Reklam Tekeli ve Haber Çölleri
T24’ün haberine göre, Acemoğlu, Google’ın 2023 yılında dijital reklam gelirlerinden 237 milyar dolar kazandığını, buna karşın bağımsız gazetelerin gelirlerinde büyük kayıplar yaşandığını ifade etti. Acemoğlu, bu durumun güvenilir haber kaynaklarının yokluğuna neden olan “haber çölleri” yarattığını söyledi.
Demokrasiye Tehdit
Bağımsız medyanın demokratik toplumların temel taşı olduğunu vurgulayan Acemoğlu, dijital reklam pazarındaki tekelleşme nedeniyle bu medyanın finansal kaynaklarının kuruduğunu ve demokrasinin temellerinin zayıfladığını dile getirdi.
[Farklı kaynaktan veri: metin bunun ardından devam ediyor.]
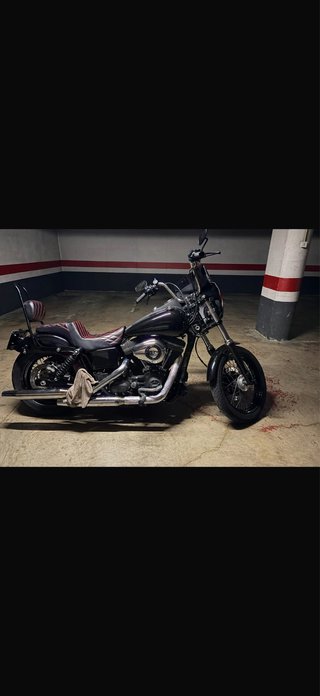 Harley Davidson Dyna Street Bob Negra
Acemoğlu, “Google’ın reklamcılık ekosistemindeki baskın rolü, bağımsız gazeteciliğin hayatta kalmasını zorlaştırıyor ve bu da demokrasiyi tehdit ediyor,” dedi.
Teknoloji Devleri ve Rekabetin Yok Edilmesi
Acemoğlu, Alphabet/Google, Amazon ve Apple gibi teknoloji devlerinin piyasa değerlerinin tarihteki diğer büyük tekellerden çok daha yüksek olduğunu belirtti. Bu şirketlerin rakiplerini satın alarak büyüdüğünü ve rekabeti engellediğini ifade eden Acemoğlu, ABD ve Avrupa’daki antitröst yasalarının bu durumla başa çıkmakta yetersiz kaldığını söyledi.
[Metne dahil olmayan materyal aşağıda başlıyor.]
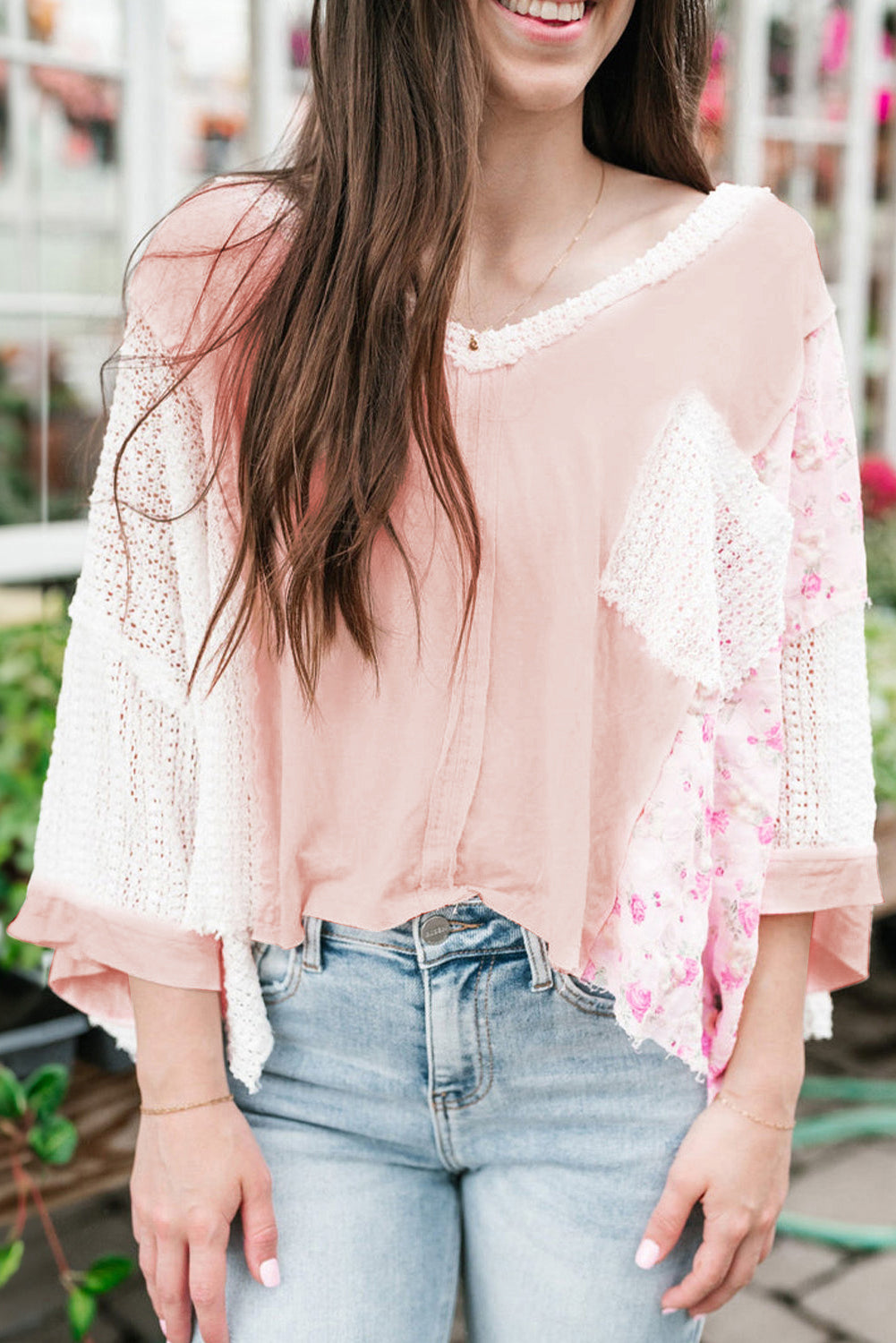 Blusa Delicacy de encaje floral y croché con mangas murciélago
Daha Adil Bir Veri Ekonomisi İçin Çözüm Önerileri
Acemoğlu, Avrupa’nın Dijital Piyasalar Yasası gibi düzenlemelerle daha adil bir veri ekonomisi yaratabileceğini belirtti. Meslektaşı Simon Johnson ile birlikte dijital reklam pazarında büyük dönüşümler yaratabilecek bir vergi önerisinde bulunan Acemoğlu, yıllık 500 milyon doların üzerindeki reklam gelirlerine %50 oranında bir vergi uygulanmasını önerdi.
Daha Sürdürülebilir Bir Sistem
Prof. Dr. Acemoğlu, bireylerin verilerini kontrol edebildiği ve teknoloji şirketlerinin bu verilere erişiminin daha adil kurallara dayandığı bir sistemin, hem inovasyon hem de verimlilik açısından daha sürdürülebilir olacağını savundu. Avrupa’nın bu konuda liderlik yapabileceğini söyleyen Acemoğlu, “Daha adil bir dijital ekonomi mümkün,” dedi.
Acemoğlu’nun açıklamaları, dijital dünyada adil rekabetin sağlanması ve demokrasinin korunması için önemli bir tartışmayı gündeme taşıyor.